The Luger U-08 pistol is a very recognizable pistol and is usually associated with Nazi Germany and WWII. It was patented in 1904, and is an improvement of an earlier automatic pistol, the 1893 Borchardt C-93 pistol.
German born Hugo Borchardt emmigrated to the U.S. when he was 16, and worked in various engineering and machining positions for Pioneer Breechloading Arms, Singer, and Sharps (where he designed the Sharps-Borchardt rifle).

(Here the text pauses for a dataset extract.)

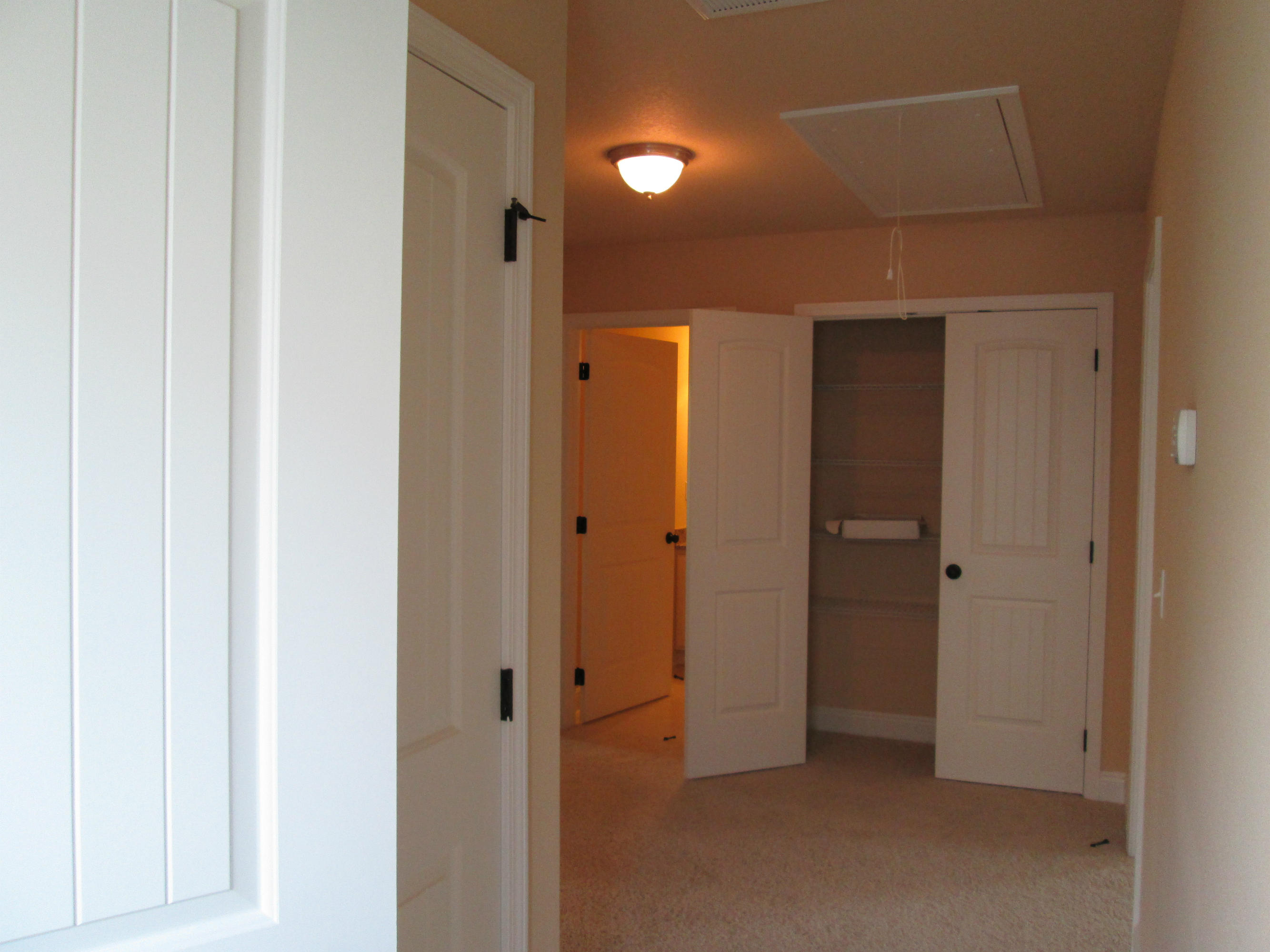 MOSAIC OAKS - Residential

In 1893 , when Borchartd was 49, he moved to Hungary to accept a job with a gun manufacturer named Ludwich Lowe, and there he designed the C-93 semi-automatic pistol.
The C-93 was made in some quantity, but was never accepted for sales to any country's military.
Austrian born Georg Luger worked with Ferdinand von Mannlicher in designing rifles and pistols, and went to work for Ludwich Lowe, the same company the made the C-93. Luger demonstrated the C-93 to U.S. Army representatives in 1897, and listened to the C-93 being criticized for weight, comfort of the 90 degree handle, and doubts about the small caliber bullet. Luger took those criticisms and redesigned the C-93 into the 9mm Luger U-08. The Luger was patented in the U.S. in 1904, and is the basic form of the Luger used in WWI and WWII.
The Luger was tested for use by the U.S. Army shortly after 1900, but was beaten in the trials by the incredibly rugged Colt 1911. The tests were particularly gruelling, and highlighted the main difference between the Colt 1911 and the Luger. The Luger was accurate, but complicated, with very close tolerances, and very prone to malfunction when dirty. The tests involved shooting in dirt, mud, acid and misshapen rounds, and firing several series of 6000 rounds non-stop, and in that environment the Colt 1911 was superb by comparison.
However the Luger was approved by the German Army, and saw service in WWI and WWII.